If you need a list object, use list to convert the Element sequence to a list object:
children = list(elem)
assert isinstance(children, list)
getiterator #
The getiterator method has been replaced by iter (which is also a true iterator in 1.3). This applies to both Element and ElementTree. The old version still works as before; it will be deprecated in the next release.
Truth testing #
The Element type now issues a warning when used in a “boolean context”. To get rid of the warning, make the test explicit:
if len(elem): ... has at least one children ... elem = root.find("tag") if elem is not None: ... found ...
Explicit tests work just fine in ET 1.2, of course.
The boolean interpretation will most likely change in future versions, so that all elements evaluate to true, also if they have no children.
SimpleXMLTreeBuilder #
The SimpleXMLTreeBuilder module has been removed. This module used xmllib to do the parsing, but since expat has been available from since around Python 2.0 or so, keeping the old support is pretty pointless.
Note: Unless you’re using Jython, I’m told.
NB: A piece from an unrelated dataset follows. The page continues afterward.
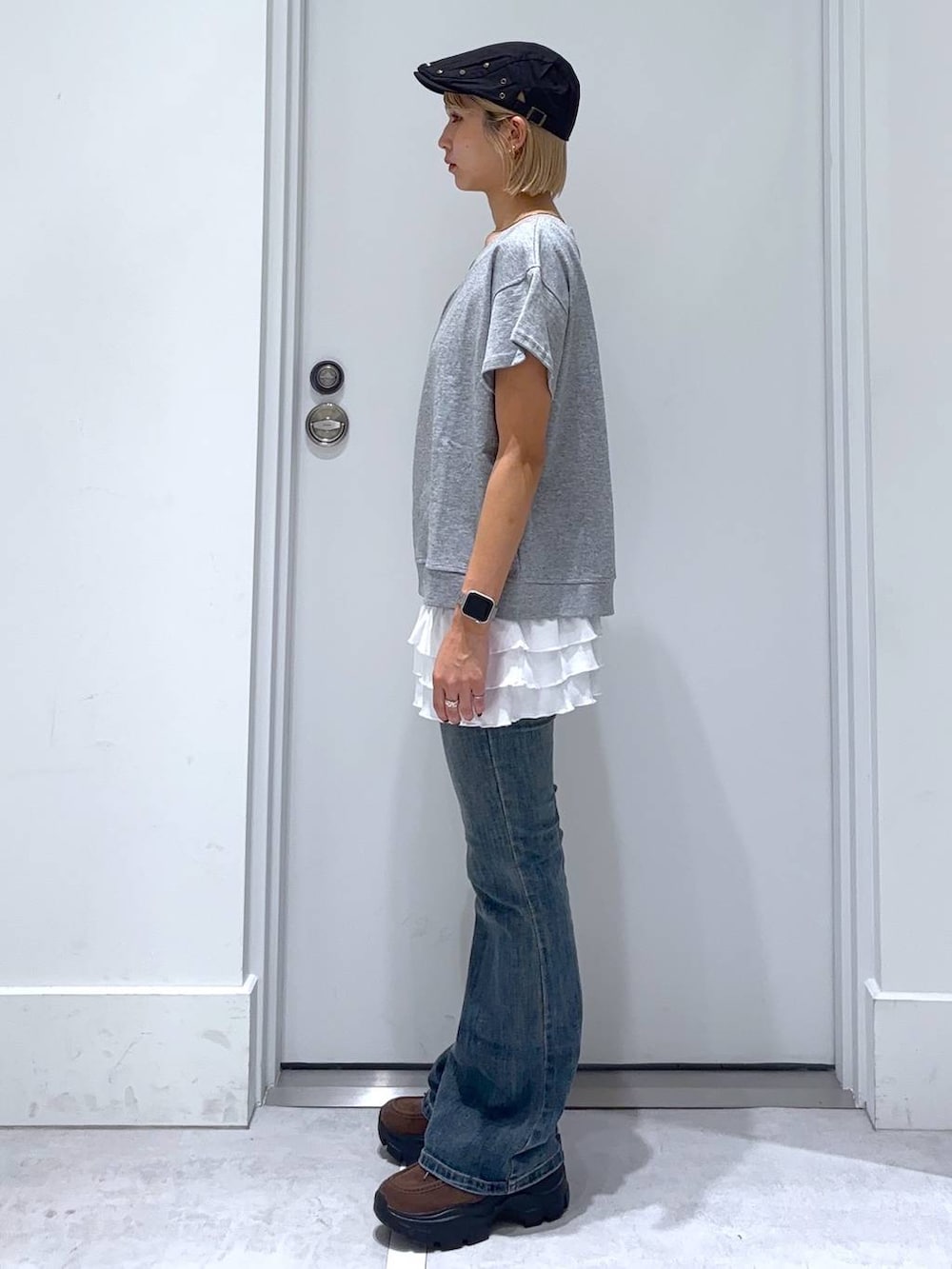 ブルー系のデニムパンツ、ブラウン系のモカシン/デッキシューズ、グレー系のセットアップを着用したレディースの秋コーディネートの3枚目の写真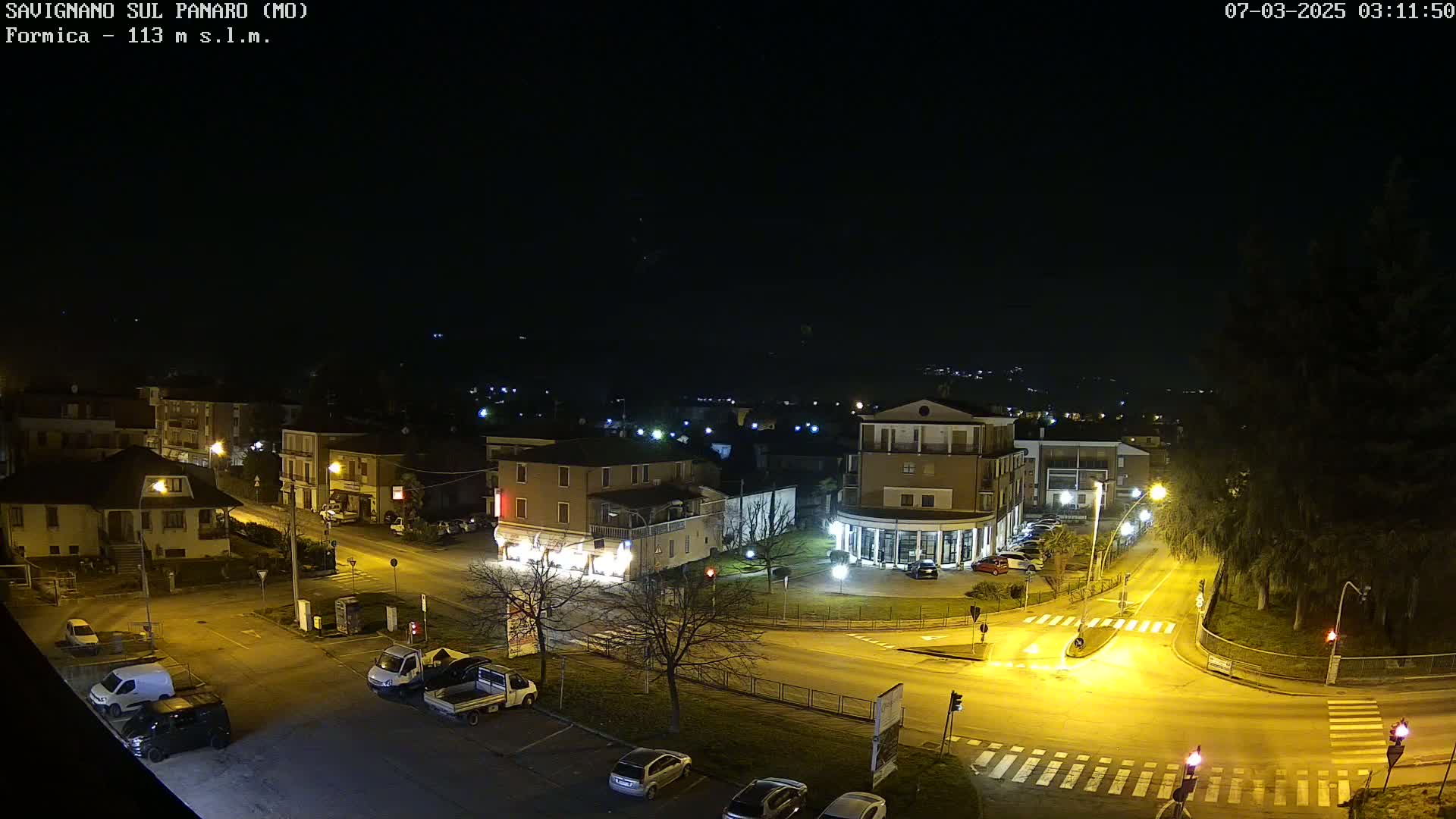 A nighttime, overhead view of a town square with illuminated streets, buildings, and parked cars under a clear, dark sky.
It will be back in the next alpha, at least temporarily, but will issue a DeprecationWarning for other platforms.
SgmlopTreeBuilder #
The SgmlopTreeBuilder module has been removed; for maximum performance, use cElementTree instead. You can also use cElementTree’s XMLParser with ET 1.3; see the performance section above for details.
XMLTreeBuilder #
The XMLTreeBuilder module has been removed. For detailed namespace access, use iterparse and the start-ns and end-ns events.